A senior North Korean official on Wednesday ruled out any more reunions for family members separated decades ago by war unless 12 citizens from the reclusive state who ended up in South Korea are returned.
The North says the 12 were kidnapped while the South says they defected voluntarily.
The relatives separated by the conflict, which ended more than 60 years ago, are the most emotional manifestation of the division of the Korean peninsula.
With no direct contact between North and South, not even telephone links, many have no idea whether their parents, siblings or children are still alive.

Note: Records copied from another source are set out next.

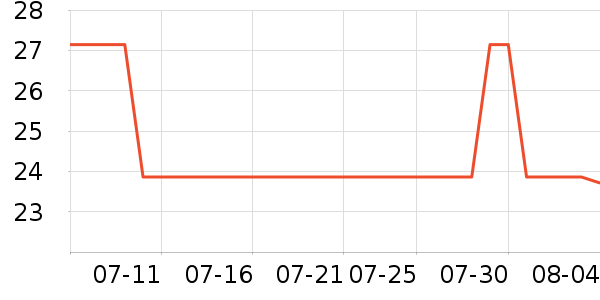 �������Թ�����ʷ�۸�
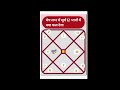 मेष लग्न में सूर्य 12 भावों में क्या फल देगा astrology love horoscope​ motivation vastu surya ka fal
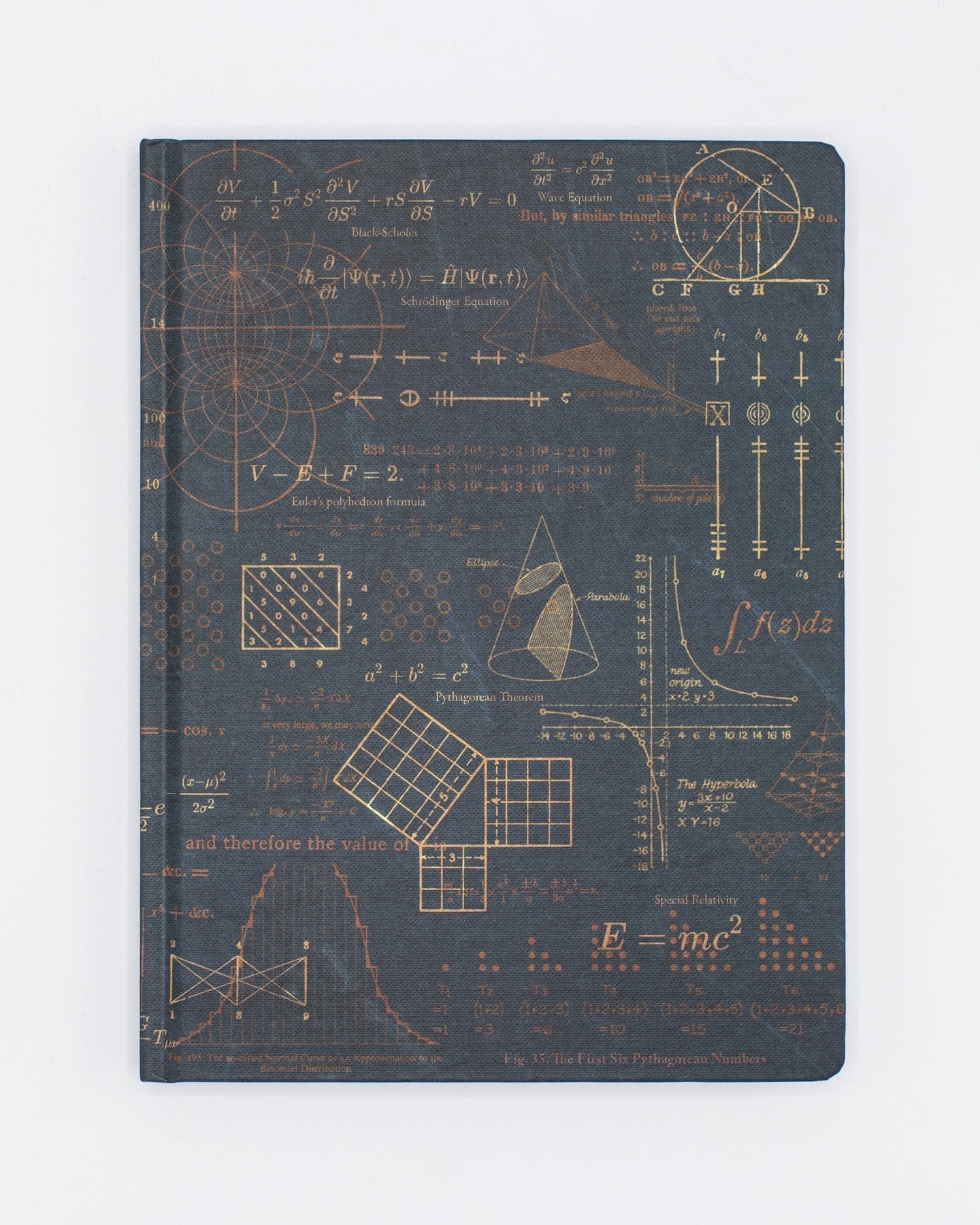DISC - Equations That Changed the World Notebook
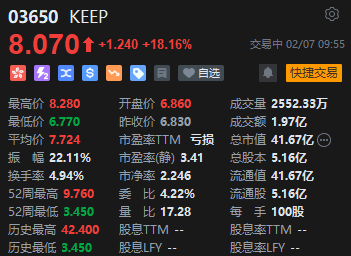 创始人发布全员信称“All in AI”！港股KEEP大涨逾18%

A series of highly charged meetings were held in recent years, when ties across the Demilitarised Zone were warmer, enabling around 4,000 of those in the South to see their relatives for the first time in decades.
But the last such reunion was in 2015 before inter-Korean relations were frozen amid North Korea’s drive for nuclear weapons.

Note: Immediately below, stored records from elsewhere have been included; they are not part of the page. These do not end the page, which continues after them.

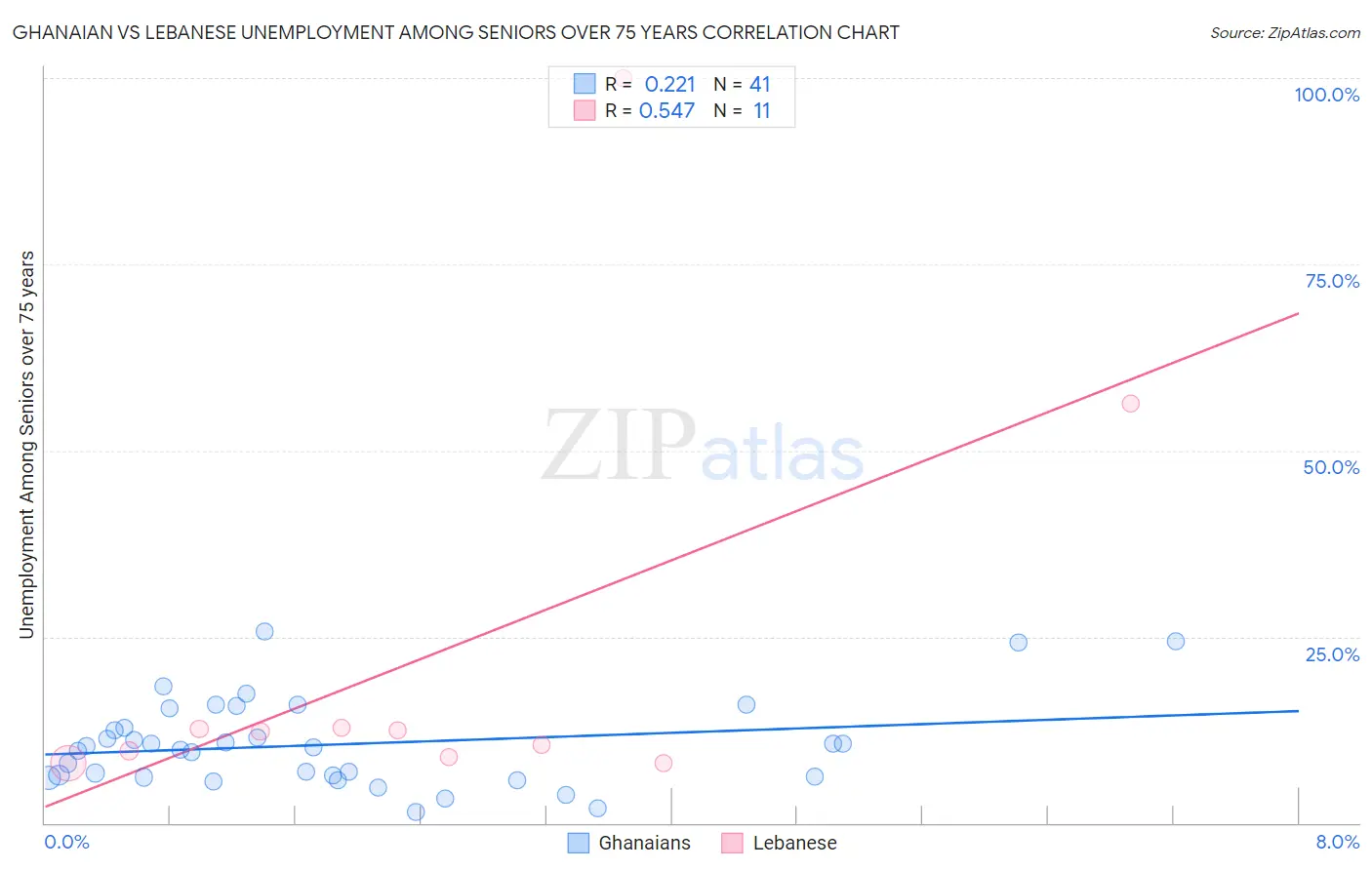 Ghanaian vs Lebanese Unemployment Among Seniors over 75 years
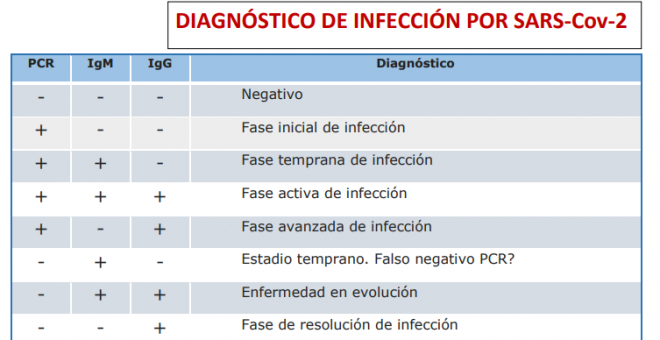 Solo con un test rápido no sabrás si has superado la covid-19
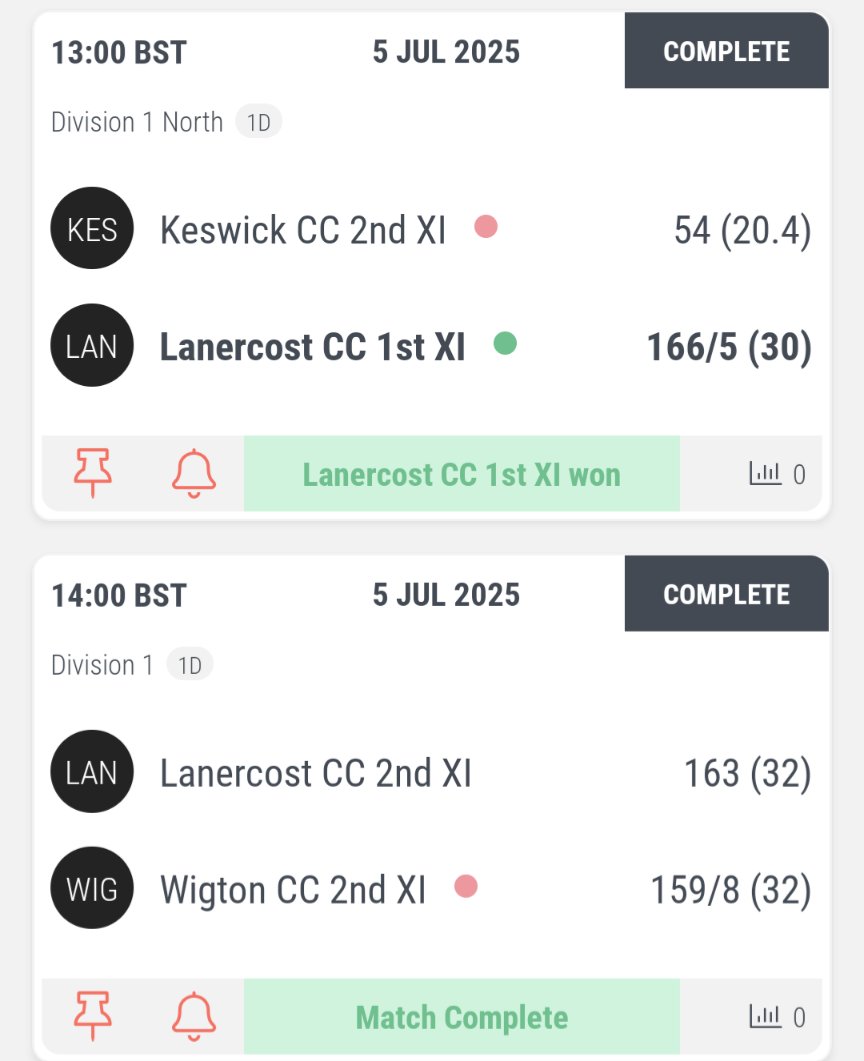 Two fine wins for the 1st and 2nd teams this afternoon despite poor weather.  #lanercost #cricket #weather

Ruling and opposition parties in the South agreed earlier this week to seek a new reunion in August to mark the anniversary of the end of the Second World War.

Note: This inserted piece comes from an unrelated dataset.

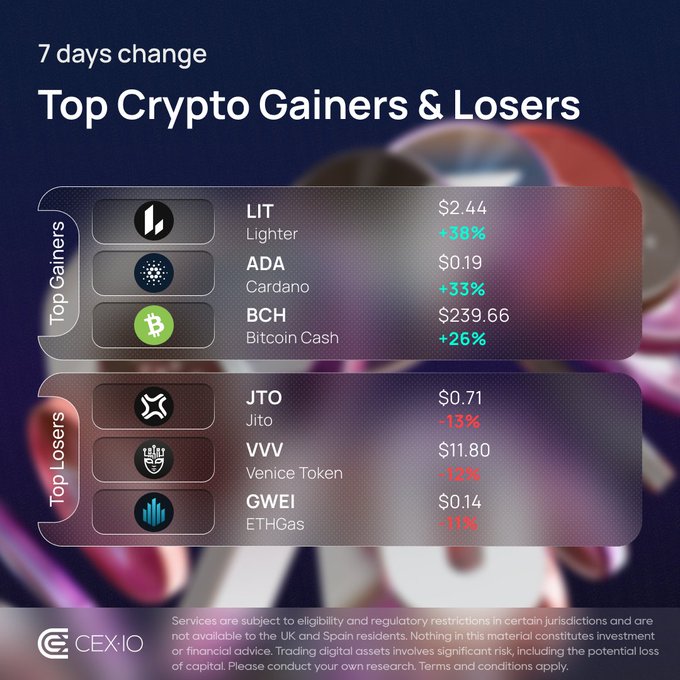 A CEX.IO infographic titled "7 days change: Top Crypto Gainers & Losers" showing LIT (Lighter) up 58%, ADA (Cardano) up 33%, and BCH (Bitcoin Cash) up 26% as top gainers, while JTO (Jito) down 13%, VVV (Venice Token) down 12%, and GWEI (ETHGas) down 11% lead the losers—directly illustrating this week's top crypto movers with their respective percentage changes.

But Kim Yong-Chol, of the North’s Committee for the Peaceful Unification of Korea, poured cold water on the proposal Wednesday.
“At the moment another issue is more important and more urgent,” he told AFP in Pyongyang, saying that the 12 workers who defected from a restaurant in China were “being detained by force in South Korea”, along with Kim Ryon-Hui, a dressmaker who says she wants to go back to the North.
“They should be returned immediately.”
The father of Ri Ji-Ye, one of the 12, he said, “died with his eyes open and cursing the conservative elements who have detained his daughter”.
“Unless Kim Ryon-Hui and 12 other women workers are returned immediately there can never be any kind of humanitarian cooperation. And this is our principled stand.”
Rights groups say that would-be defectors who are returned to the North, usually from China, face severe punishment.
The 12 waitresses at a North Korean state-run restaurant in the Chinese city of Ningbo defected to the South in April 2016, making headlines as the largest group defection in years.
While Seoul said they fled voluntarily, Pyongyang claimed they were kidnapped by South Korea´s National Intelligence Service and has waged a vocal campaign through its state media for their return.
The waitresses were released from Seoul government custody last August but have never made public appearances.
Citing government sources, South Korean media have said the women — mostly in their early 20s — have enrolled in universities but remain under strict government protection provided to high-profile defectors.